In Nick Cave’s case, it’s love and how it effects our relationship to the world around us – not just in the way it can connect us deeply and intimately to our loved ones, to friends, and strangers, but also in the way it can counterintuitively push and pull us apart. As he has aged, his recent albums, from 2013’s Push The Sky Away onwards, have moved further and further inwards, towards the interior of his psyche and the landscape of his relationships to his family, his audience and his fanbase. Within that interiority, they have also moved further upwards into the skies, becoming ever more spacious and open. Songs from 2019’s Ghosteen, his most recent Bad Seeds album, and this year’s Carnage, a duo album with Warren Ellis, form most of the setlist tonight. Freeform and incantatory, vast in sound yet intimate in scope, they sound like mirages rather than concrete ‘songs’.
In the context of tonight’s set, performed with Ellis, a trio of backing singers and percussionist/bassist Johnny Hostile, these songs, fragile and sensitive, are set free. The thrumming synths that wash over the opening numbers – Spinning Song, Bright Horses and Waiting For You, the trio that also opens Ghosteen – seem to hold the audience in a semi-stunned collective silence, as if we’re not supposed to focus on something so singular for so long anymore.

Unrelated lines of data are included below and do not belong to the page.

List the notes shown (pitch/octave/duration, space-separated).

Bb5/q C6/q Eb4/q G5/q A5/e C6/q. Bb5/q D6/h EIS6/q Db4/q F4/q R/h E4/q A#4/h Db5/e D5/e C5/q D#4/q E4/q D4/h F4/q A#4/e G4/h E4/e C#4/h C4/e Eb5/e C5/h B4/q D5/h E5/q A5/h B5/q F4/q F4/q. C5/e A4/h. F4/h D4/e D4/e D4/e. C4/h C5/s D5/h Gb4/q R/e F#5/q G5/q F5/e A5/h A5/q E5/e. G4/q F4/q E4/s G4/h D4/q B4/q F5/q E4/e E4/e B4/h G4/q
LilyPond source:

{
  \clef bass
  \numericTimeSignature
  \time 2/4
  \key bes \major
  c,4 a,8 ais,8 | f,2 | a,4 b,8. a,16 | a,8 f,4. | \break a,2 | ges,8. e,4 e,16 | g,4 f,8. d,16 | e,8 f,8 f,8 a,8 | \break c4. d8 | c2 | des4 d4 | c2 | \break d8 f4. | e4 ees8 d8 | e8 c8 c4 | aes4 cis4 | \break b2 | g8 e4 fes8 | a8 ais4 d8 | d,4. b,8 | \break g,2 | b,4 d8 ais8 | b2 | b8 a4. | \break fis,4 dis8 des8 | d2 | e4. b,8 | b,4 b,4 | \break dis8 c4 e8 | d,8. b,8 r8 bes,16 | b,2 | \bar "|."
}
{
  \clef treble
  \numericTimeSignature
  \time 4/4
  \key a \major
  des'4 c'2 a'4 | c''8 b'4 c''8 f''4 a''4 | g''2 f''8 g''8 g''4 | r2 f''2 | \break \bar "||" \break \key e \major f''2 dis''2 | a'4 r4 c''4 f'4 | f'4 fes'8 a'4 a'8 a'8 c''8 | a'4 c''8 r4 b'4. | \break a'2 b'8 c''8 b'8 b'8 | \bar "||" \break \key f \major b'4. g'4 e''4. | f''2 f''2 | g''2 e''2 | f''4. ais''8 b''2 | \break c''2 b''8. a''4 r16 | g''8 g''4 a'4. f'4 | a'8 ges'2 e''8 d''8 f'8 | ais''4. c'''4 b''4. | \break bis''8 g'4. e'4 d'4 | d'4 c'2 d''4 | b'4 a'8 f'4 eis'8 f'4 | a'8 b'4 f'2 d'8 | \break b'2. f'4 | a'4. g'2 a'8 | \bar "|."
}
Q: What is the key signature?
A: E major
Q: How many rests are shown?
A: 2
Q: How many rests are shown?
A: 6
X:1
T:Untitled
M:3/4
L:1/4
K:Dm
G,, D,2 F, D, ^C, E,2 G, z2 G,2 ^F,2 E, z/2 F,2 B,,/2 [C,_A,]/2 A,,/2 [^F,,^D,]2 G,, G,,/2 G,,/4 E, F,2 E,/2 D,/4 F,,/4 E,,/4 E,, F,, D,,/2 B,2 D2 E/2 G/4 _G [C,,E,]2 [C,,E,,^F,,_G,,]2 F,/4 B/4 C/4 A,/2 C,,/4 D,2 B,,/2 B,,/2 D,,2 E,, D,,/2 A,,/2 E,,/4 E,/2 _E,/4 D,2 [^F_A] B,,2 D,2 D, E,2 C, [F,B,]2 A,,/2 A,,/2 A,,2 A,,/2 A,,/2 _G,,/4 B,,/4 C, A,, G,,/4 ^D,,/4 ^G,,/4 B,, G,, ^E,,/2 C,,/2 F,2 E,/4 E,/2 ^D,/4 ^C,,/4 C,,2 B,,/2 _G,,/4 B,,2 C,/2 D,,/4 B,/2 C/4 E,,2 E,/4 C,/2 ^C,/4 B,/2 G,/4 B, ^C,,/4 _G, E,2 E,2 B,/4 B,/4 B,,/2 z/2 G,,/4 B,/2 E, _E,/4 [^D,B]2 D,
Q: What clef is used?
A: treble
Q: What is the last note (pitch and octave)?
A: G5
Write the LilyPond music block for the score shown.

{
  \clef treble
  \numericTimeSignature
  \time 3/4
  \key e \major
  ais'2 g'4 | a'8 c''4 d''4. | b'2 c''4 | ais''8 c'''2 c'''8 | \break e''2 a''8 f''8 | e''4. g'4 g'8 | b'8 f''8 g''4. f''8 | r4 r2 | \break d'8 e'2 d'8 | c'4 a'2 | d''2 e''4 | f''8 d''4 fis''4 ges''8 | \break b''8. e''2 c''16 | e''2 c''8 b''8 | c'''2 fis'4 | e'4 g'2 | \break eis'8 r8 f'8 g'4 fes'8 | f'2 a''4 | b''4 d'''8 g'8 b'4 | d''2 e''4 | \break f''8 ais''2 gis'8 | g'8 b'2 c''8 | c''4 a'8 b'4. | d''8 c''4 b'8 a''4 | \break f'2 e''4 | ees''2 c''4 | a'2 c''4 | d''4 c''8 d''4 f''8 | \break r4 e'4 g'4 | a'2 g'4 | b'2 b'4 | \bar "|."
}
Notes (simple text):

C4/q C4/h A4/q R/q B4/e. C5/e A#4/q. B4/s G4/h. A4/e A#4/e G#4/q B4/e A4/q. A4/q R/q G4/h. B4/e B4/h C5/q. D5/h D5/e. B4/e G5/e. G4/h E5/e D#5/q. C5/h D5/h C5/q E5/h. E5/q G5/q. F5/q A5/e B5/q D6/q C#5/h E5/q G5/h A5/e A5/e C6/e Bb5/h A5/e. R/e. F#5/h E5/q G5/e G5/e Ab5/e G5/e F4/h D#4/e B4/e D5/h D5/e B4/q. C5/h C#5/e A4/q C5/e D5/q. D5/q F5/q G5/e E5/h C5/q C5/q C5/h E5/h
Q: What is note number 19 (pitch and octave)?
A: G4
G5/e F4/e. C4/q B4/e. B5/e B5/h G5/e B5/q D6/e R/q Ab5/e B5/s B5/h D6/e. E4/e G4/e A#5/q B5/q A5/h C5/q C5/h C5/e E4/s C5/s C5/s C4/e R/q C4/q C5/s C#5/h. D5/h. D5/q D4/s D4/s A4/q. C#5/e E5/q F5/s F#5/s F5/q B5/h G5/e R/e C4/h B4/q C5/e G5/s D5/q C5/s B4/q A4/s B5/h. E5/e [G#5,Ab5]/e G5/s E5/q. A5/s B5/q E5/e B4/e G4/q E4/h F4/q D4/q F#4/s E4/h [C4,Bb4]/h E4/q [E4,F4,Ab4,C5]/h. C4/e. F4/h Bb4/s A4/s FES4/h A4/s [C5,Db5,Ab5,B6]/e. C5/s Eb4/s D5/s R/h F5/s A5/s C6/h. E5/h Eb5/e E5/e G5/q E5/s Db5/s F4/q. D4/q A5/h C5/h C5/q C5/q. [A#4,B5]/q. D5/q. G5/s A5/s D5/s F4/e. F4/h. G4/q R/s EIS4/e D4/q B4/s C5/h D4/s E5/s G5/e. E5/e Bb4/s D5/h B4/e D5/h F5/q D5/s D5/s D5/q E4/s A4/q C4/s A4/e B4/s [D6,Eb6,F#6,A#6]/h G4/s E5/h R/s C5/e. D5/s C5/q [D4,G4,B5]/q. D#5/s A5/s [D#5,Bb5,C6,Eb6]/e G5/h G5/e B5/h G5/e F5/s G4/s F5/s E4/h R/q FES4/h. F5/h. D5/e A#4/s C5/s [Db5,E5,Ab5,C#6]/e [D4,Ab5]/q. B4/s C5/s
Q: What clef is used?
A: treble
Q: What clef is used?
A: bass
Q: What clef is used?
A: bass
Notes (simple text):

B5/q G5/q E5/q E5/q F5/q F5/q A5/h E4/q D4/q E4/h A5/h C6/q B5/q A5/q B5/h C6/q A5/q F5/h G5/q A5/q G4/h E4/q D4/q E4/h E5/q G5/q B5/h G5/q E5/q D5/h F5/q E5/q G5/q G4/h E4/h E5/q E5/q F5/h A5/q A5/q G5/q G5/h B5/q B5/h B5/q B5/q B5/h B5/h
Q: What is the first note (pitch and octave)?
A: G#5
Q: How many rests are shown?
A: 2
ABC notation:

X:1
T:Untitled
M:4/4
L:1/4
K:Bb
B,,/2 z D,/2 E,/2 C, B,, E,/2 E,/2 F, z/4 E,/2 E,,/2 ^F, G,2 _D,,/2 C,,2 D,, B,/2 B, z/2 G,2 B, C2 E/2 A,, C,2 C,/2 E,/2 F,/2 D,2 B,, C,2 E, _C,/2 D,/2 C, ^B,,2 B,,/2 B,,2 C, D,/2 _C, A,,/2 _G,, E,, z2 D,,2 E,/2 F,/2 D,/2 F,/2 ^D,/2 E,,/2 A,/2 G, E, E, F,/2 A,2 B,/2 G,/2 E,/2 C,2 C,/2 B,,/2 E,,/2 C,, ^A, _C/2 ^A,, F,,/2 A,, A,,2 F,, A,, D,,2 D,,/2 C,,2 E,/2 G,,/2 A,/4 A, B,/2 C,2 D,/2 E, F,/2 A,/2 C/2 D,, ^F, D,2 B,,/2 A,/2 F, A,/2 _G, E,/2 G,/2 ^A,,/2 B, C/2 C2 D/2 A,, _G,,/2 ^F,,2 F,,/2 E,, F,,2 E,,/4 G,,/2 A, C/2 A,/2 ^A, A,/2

The switches into the tenser, more charged songs that form Carnage, including White Elephant and Hand Of God, bring electricity and catharsis to St David’s Hall, and a reminder that this man is also the frontman of The Bad Seeds, one of the world’s most devastatingly tough live acts. But those moments of catharsis, aided by Ellis’ gesticulations on his Korg synth, as he’s surrounded by a small army of effects pedals remain fleeting.
Dips into the Bad Seeds catalogue beyond Ghosteen are rare. The encore sees beautiful renditions of Into My Arms and Henry Lee; previously, God Is In The House and I Need You get airings. Billing this as Cave and Ellis, rather than the Bad Seeds, frees up the two to wander wherever they wish with the songs, with less pressure to play the hits.
There’s the sense of these performances being essential to both musicians, a much-needed release after so long pent up in isolation, lockdown, and uncertainty. The nigh-pathological need to connect with others and build something bigger than ourselves seems to root through the set. In his hands, simple platitudes – “this morning is amazing and so are you”; “I love my baby and my baby loves me” – become mantras, beacons of hope in the darkness. He’s earned the right to make those platitudes, his life’s work a long evolving journey to that very simple, yet very powerful statement: “I love you.”
Multiple times I was moved to tears, Cave’s intonations reaching deep into my soul, my own lifelong relationship to his songs – at this point they’re more like old friends – elevated by his very real presence. None more so than in two thunderous renditions of the two epic songs which form the back end of Ghosteen: its title track and Hollywood. Not a dry eye in the house, as they used to say.